DATASET RECORDS →
◇ ◇ ◇ ◇ ◇ ◇ ◇

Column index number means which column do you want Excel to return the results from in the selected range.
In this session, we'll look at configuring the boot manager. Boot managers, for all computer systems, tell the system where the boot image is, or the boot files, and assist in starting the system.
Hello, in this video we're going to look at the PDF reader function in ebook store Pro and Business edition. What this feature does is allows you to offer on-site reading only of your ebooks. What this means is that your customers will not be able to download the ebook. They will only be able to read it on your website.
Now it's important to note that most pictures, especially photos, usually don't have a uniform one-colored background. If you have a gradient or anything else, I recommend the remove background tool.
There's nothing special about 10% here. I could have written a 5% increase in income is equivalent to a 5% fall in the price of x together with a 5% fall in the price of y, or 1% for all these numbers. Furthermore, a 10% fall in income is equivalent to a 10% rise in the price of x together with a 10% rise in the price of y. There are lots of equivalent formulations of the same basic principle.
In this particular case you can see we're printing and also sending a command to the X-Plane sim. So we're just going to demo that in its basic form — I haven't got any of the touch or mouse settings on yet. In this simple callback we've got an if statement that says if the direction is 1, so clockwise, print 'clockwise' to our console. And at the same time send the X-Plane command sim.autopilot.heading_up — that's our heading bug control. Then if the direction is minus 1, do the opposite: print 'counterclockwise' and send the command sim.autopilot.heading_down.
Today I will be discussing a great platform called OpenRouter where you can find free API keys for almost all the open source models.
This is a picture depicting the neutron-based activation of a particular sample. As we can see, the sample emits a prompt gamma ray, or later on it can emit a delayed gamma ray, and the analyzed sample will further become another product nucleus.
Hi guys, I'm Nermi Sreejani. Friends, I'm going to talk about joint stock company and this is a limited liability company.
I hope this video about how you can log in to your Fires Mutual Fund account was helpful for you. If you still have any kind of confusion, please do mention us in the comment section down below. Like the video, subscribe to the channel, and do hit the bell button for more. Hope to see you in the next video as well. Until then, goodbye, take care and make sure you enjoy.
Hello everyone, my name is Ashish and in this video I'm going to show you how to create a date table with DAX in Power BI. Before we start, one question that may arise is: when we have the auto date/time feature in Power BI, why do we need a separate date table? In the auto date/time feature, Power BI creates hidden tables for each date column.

◇ ◇ ◇ ◇ ◇ ◇ ◇

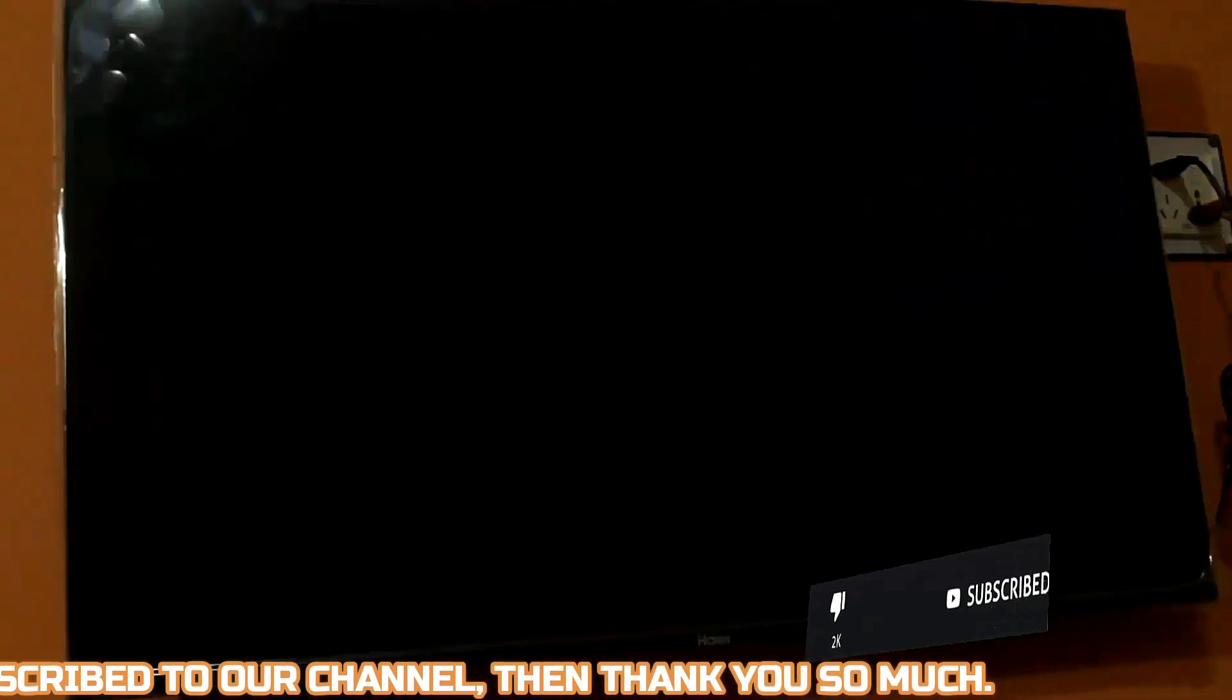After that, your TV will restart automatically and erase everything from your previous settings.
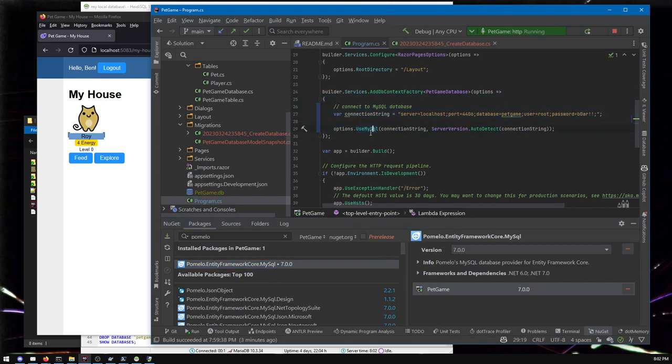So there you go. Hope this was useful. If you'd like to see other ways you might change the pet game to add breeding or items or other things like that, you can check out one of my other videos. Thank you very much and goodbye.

◇ ◇ ◇ ◇ ◇ ◇ ◇

WHAT YOU HAVE TO DO → From the listing above, repeat exactly the lines starting at the line that includes "Hello, in this" and ending at the line that includes "Today I will", with nothing outside that span.

EXERCISE SOLUTION →
Hello, in this video we're going to look at the PDF reader function in ebook store Pro and Business edition. What this feature does is allows you to offer on-site reading only of your ebooks. What this means is that your customers will not be able to download the ebook. They will only be able to read it on your website.
Now it's important to note that most pictures, especially photos, usually don't have a uniform one-colored background. If you have a gradient or anything else, I recommend the remove background tool.
There's nothing special about 10% here. I could have written a 5% increase in income is equivalent to a 5% fall in the price of x together with a 5% fall in the price of y, or 1% for all these numbers. Furthermore, a 10% fall in income is equivalent to a 10% rise in the price of x together with a 10% rise in the price of y. There are lots of equivalent formulations of the same basic principle.
In this particular case you can see we're printing and also sending a command to the X-Plane sim. So we're just going to demo that in its basic form — I haven't got any of the touch or mouse settings on yet. In this simple callback we've got an if statement that says if the direction is 1, so clockwise, print 'clockwise' to our console. And at the same time send the X-Plane command sim.autopilot.heading_up — that's our heading bug control. Then if the direction is minus 1, do the opposite: print 'counterclockwise' and send the command sim.autopilot.heading_down.
Today I will be discussing a great platform called OpenRouter where you can find free API keys for almost all the open source models.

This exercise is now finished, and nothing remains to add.